SUPPLIED MATERIAL
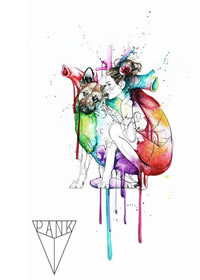 女孩色彩狗纹身手稿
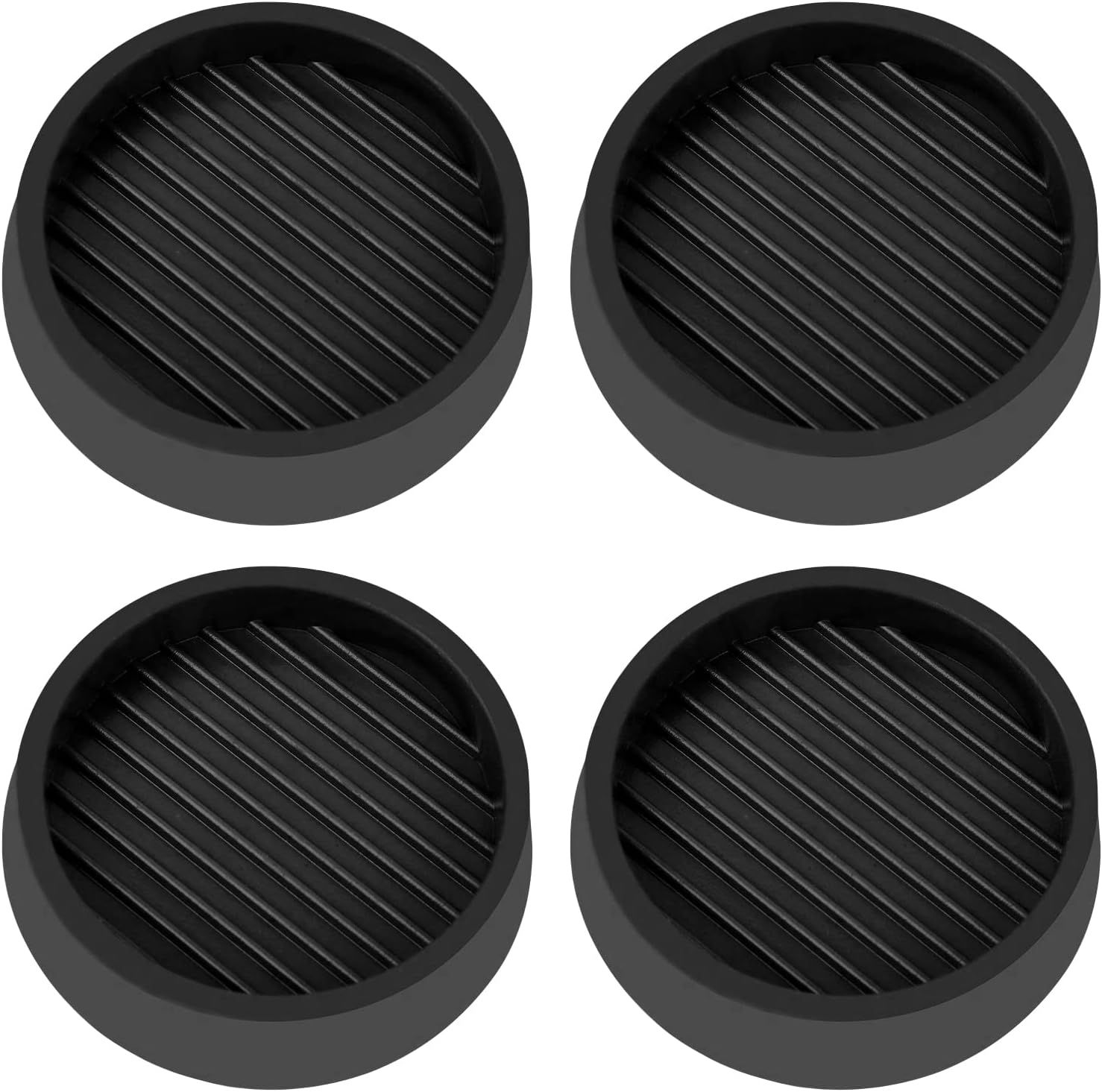 2X2 Round Rubber Caster Cups, Non Slip urniture Pads, Anti-Slip Gripper, Anti Skid urniture eet, Anti Slide loor Protector or Bed Couch Table Chair Stoppers - (Black, 4 Pack) - Image 1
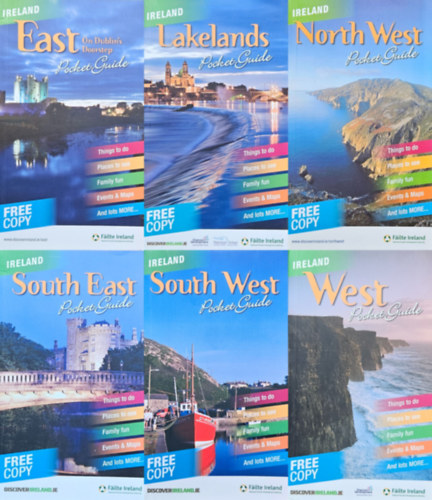 Mike Kearney, Cathy Donovan - 6 db angol nyelv tiknyv rorszgrl: Ireland Pocket Guide West + Ireland Pocket Guide Lakelands + Ireland Pocket Guide East On Dublin's Doorstep + Ireland Pocket Guide South East + Ireland Pocket Guide North West + Ireland Pocket Guide South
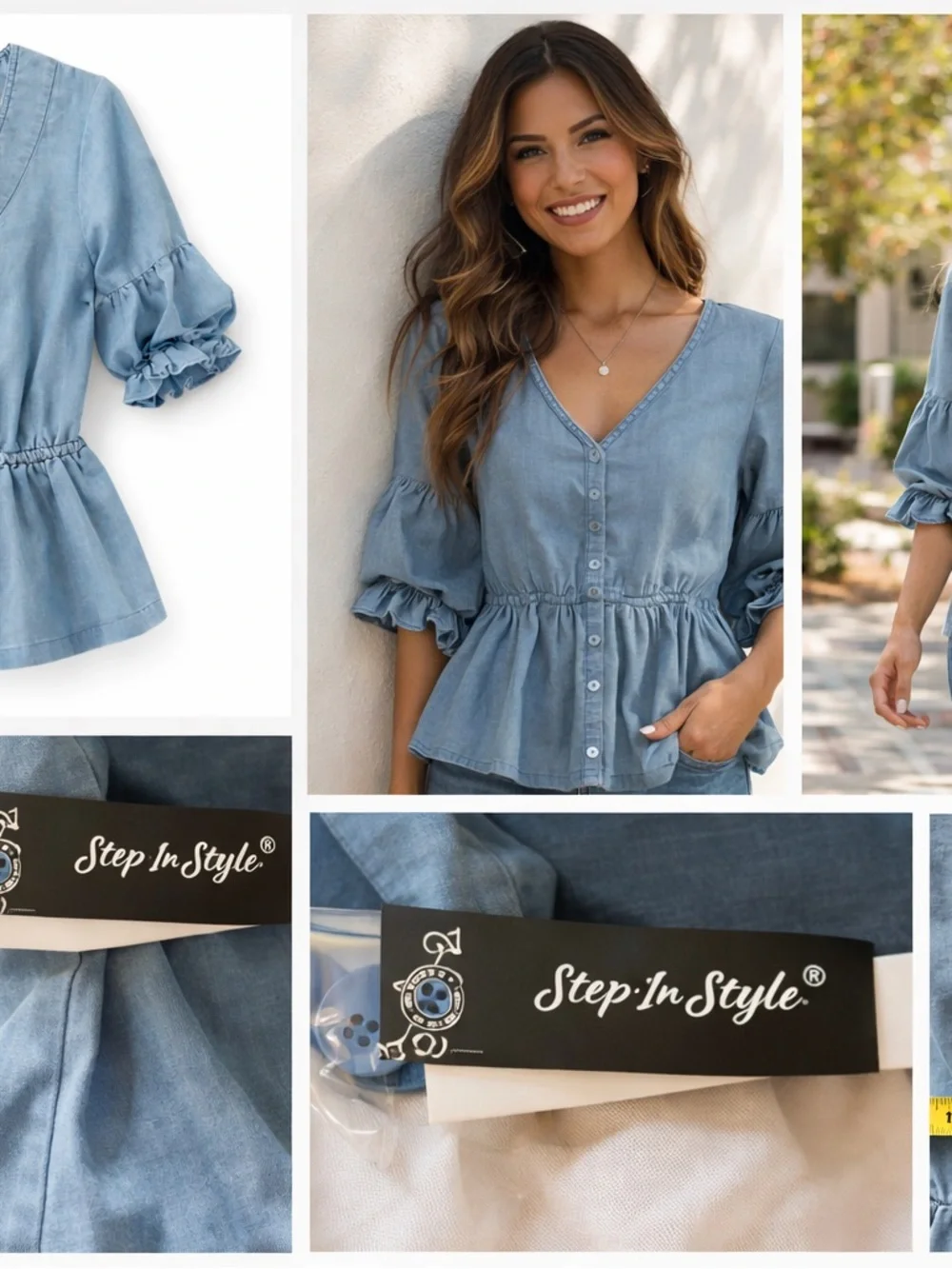 Blue Peplum Blouse Womens Small V Neck Button Front Ruffle Sleeve Top - Picture 2 of 10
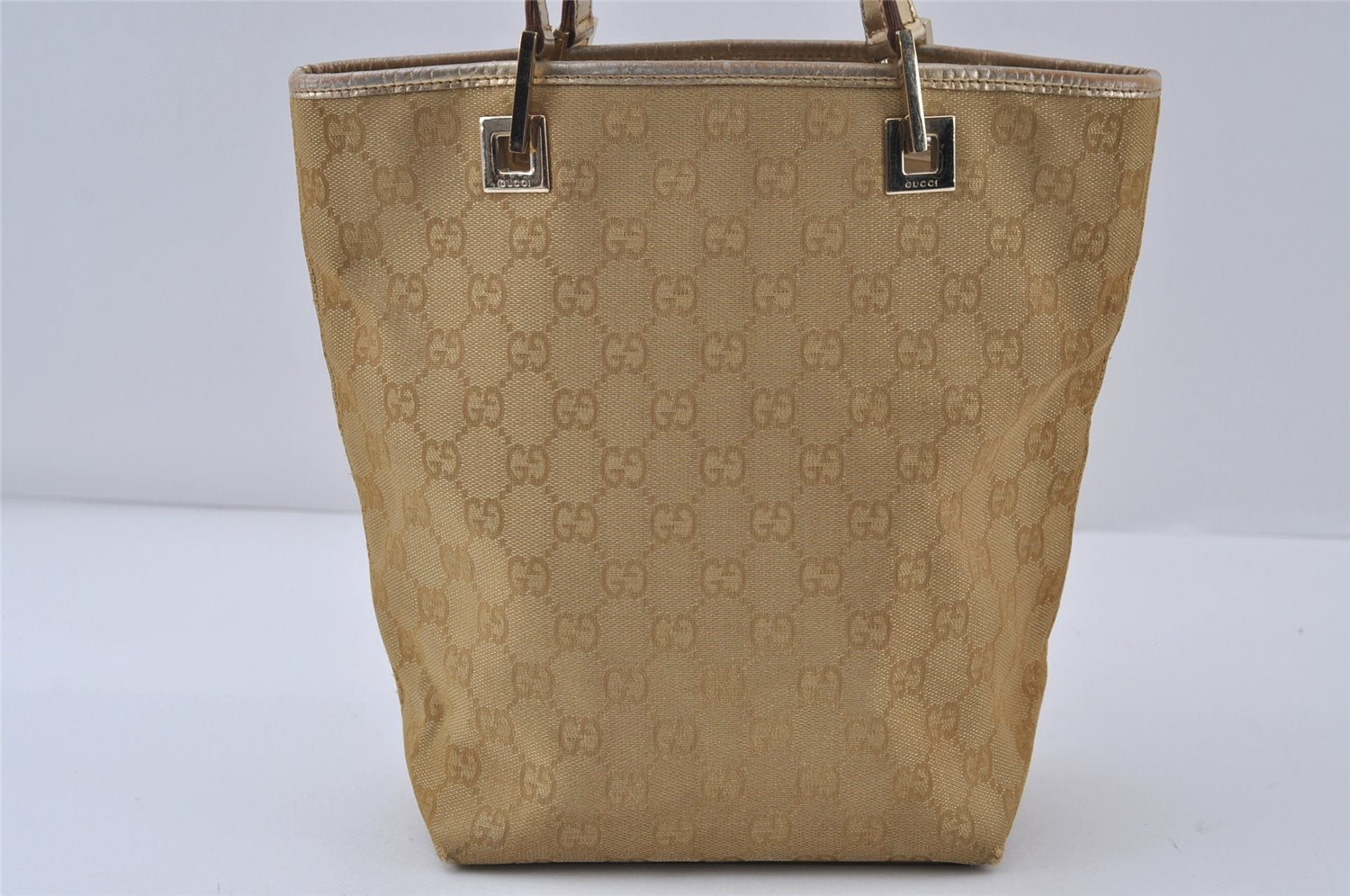 Authentic GUCCI Vintage Shoulder Tote Bag GG Canvas Leather 0021099 Gold 0823J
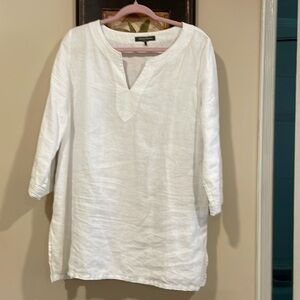Tommy Bahama Linen White Embroidered Tunic M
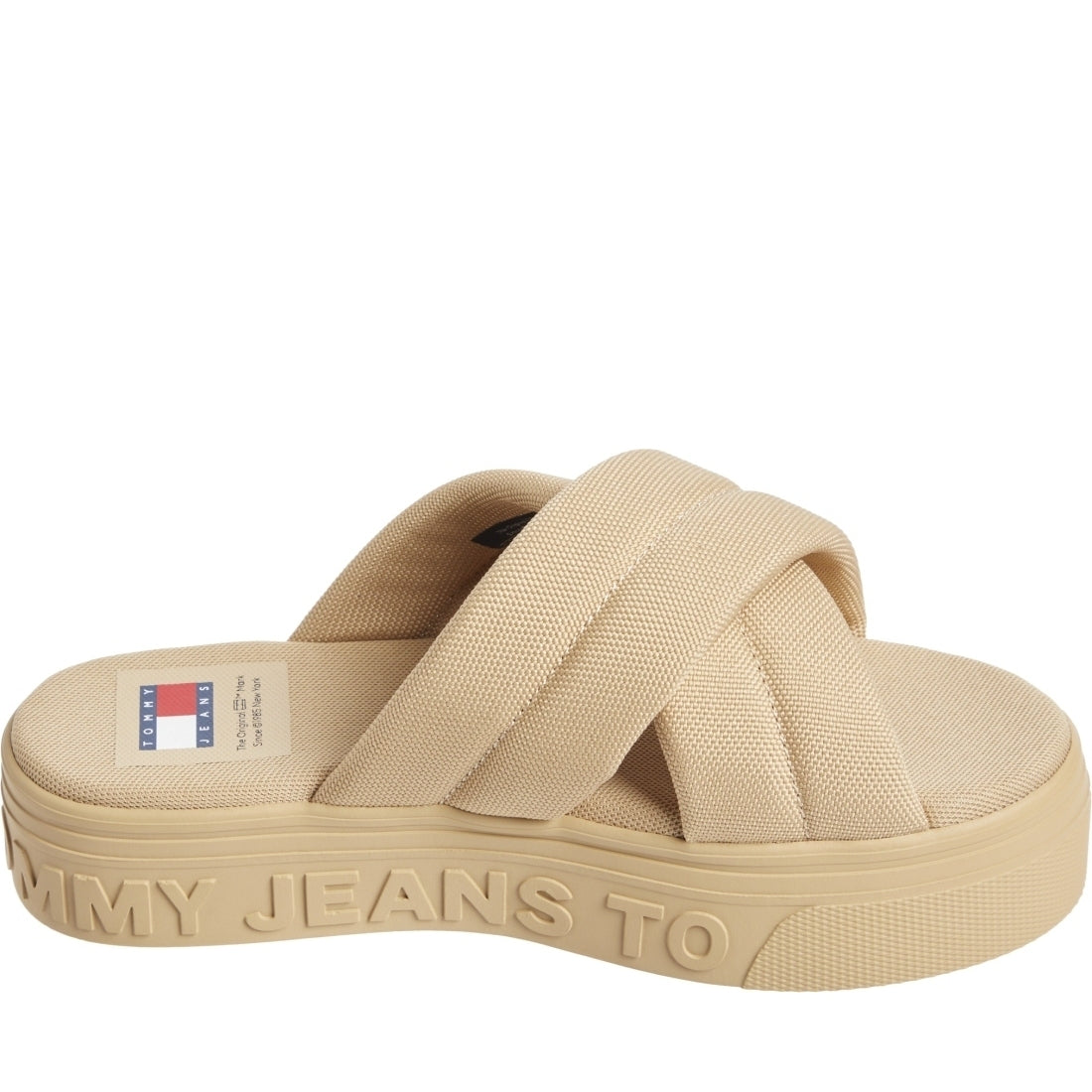 Tommy Jeans womens tawny sand lettering flatform sandal | Vilbury London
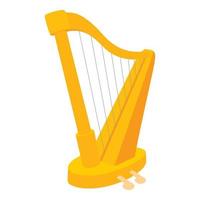 Harp icon, cartoon style vector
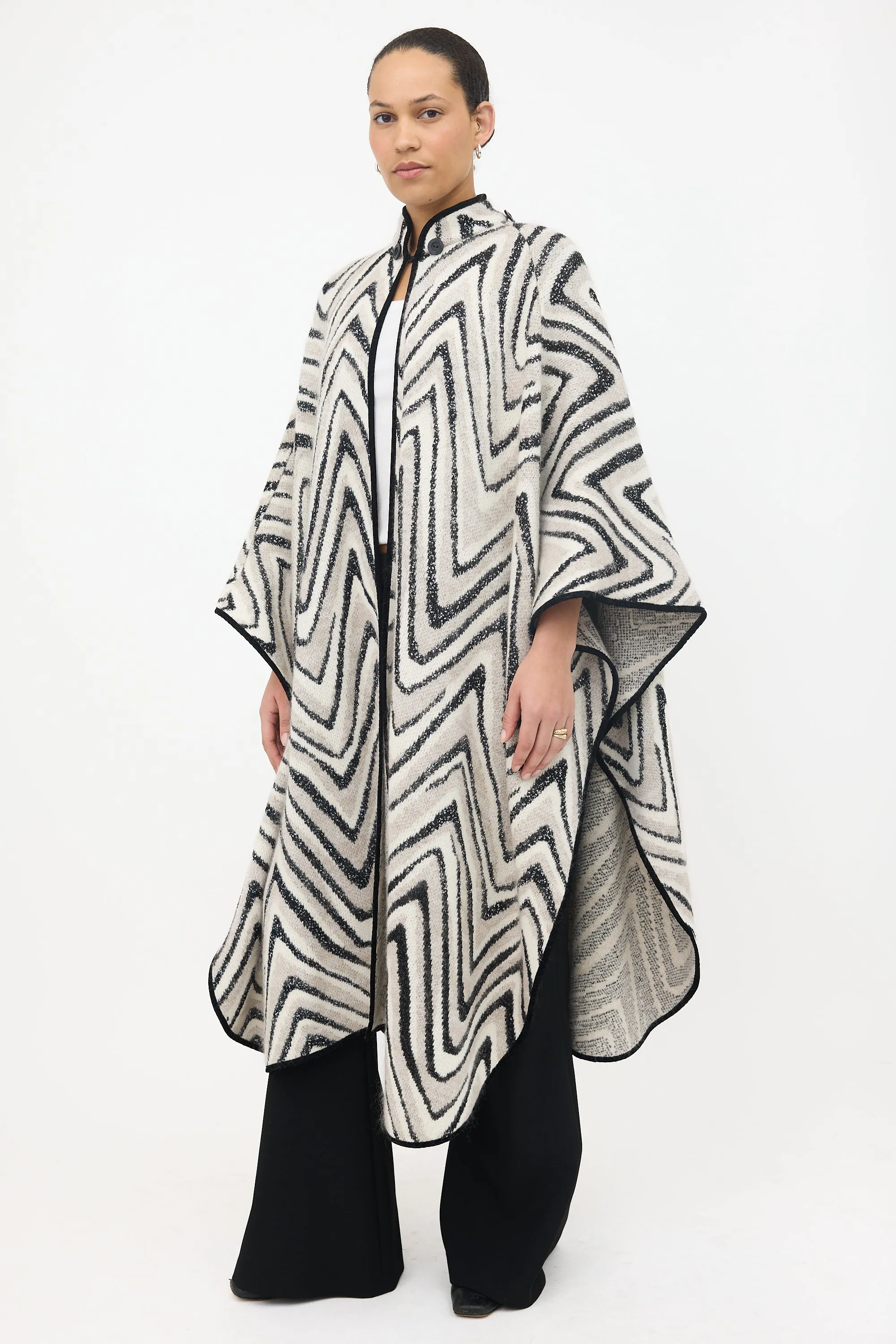 Wool Patterned Hooded Cape sold by VSP Consignment product image thumbnail 4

TASK TO COMPLETE
When a line carries an image, skip the image and repeat everything else above exactly as written.

RESULT
 女孩色彩狗纹身手稿
 2X2 Round Rubber Caster Cups, Non Slip urniture Pads, Anti-Slip Gripper, Anti Skid urniture eet, Anti Slide loor Protector or Bed Couch Table Chair Stoppers - (Black, 4 Pack) - Image 1
 Mike Kearney, Cathy Donovan - 6 db angol nyelv tiknyv rorszgrl: Ireland Pocket Guide West + Ireland Pocket Guide Lakelands + Ireland Pocket Guide East On Dublin's Doorstep + Ireland Pocket Guide South East + Ireland Pocket Guide North West + Ireland Pocket Guide South
 Blue Peplum Blouse Womens Small V Neck Button Front Ruffle Sleeve Top - Picture 2 of 10
 Authentic GUCCI Vintage Shoulder Tote Bag GG Canvas Leather 0021099 Gold 0823J
Tommy Bahama Linen White Embroidered Tunic M
 Tommy Jeans womens tawny sand lettering flatform sandal | Vilbury London
 Harp icon, cartoon style vector
 Wool Patterned Hooded Cape sold by VSP Consignment product image thumbnail 4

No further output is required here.